### Aim of the exercise
When the line containing "Alright, welcome to" is found in the data below, give it again along with every later line, exactly; drop the pictures.

### Dataset entries
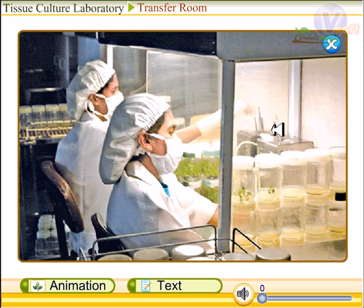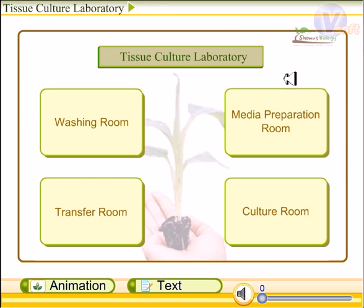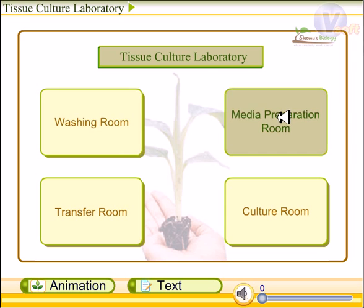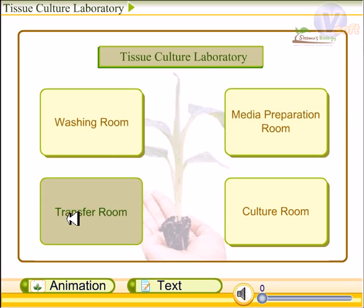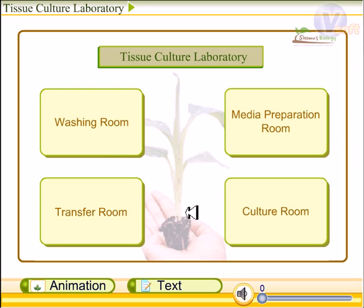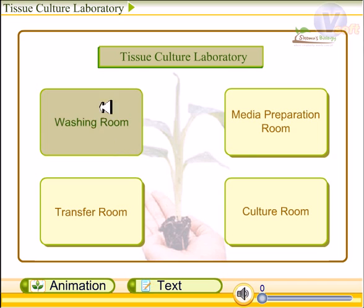One important point: the correct process order is washing room, then media preparation, then transfer room, and then the culture room.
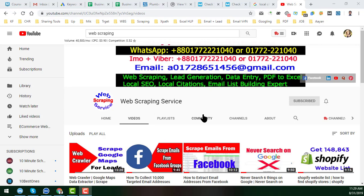From today in my next videos I will explain the step-by-step process of how we can build local citations to rank any kind of local business, specially for USA, Canada, and Australia. If you think you need web scraping, lead generation, data entry, or local citation help, please contact me. I have a large team and we do this kind of project with 100% accuracy.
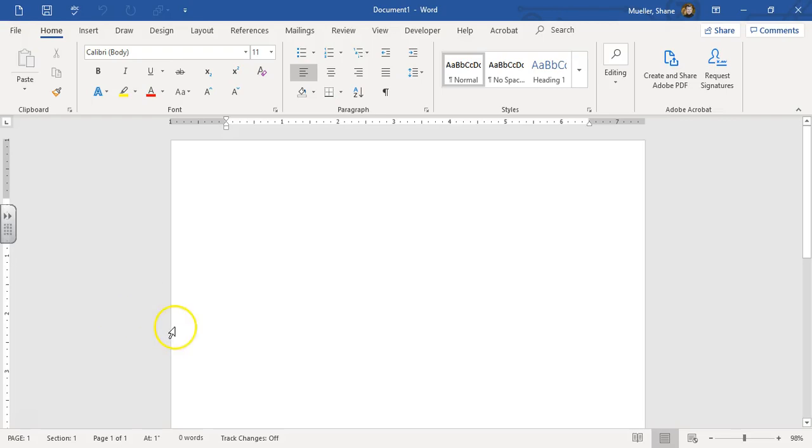Alright, welcome to the SAM Project 7B, or excuse me, 7A, Project 1 for Module 7.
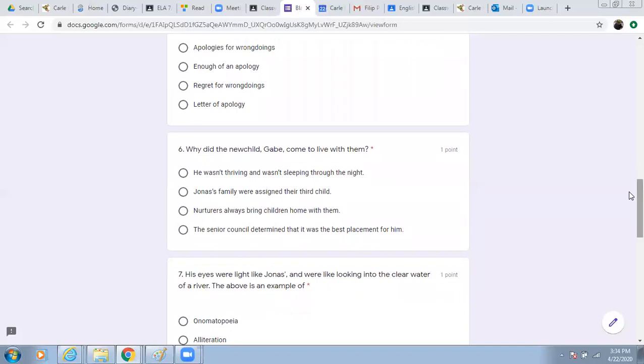Number six. Why did the new child, Gabe, come to live with them? He wasn't thriving. He wasn't sleeping through the night. Jonas's family was assigned their third child. The nurture is always bringing children home with them. The senior counsel determined that it was the best placement for him.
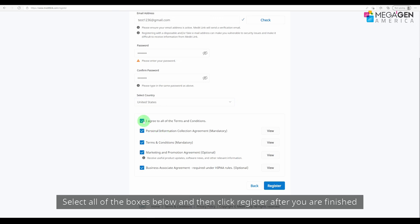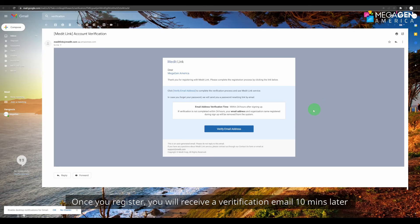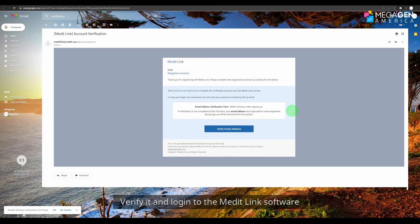Click 'Register' after you are finished. Once you register, you will receive a verification email. Verify it and log in to submit it to Medit Link software.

### Task response
Alright, welcome to the SAM Project 7B, or excuse me, 7A, Project 1 for Module 7.
Number six. Why did the new child, Gabe, come to live with them? He wasn't thriving. He wasn't sleeping through the night. Jonas's family was assigned their third child. The nurture is always bringing children home with them. The senior counsel determined that it was the best placement for him.
Click 'Register' after you are finished. Once you register, you will receive a verification email. Verify it and log in to submit it to Medit Link software.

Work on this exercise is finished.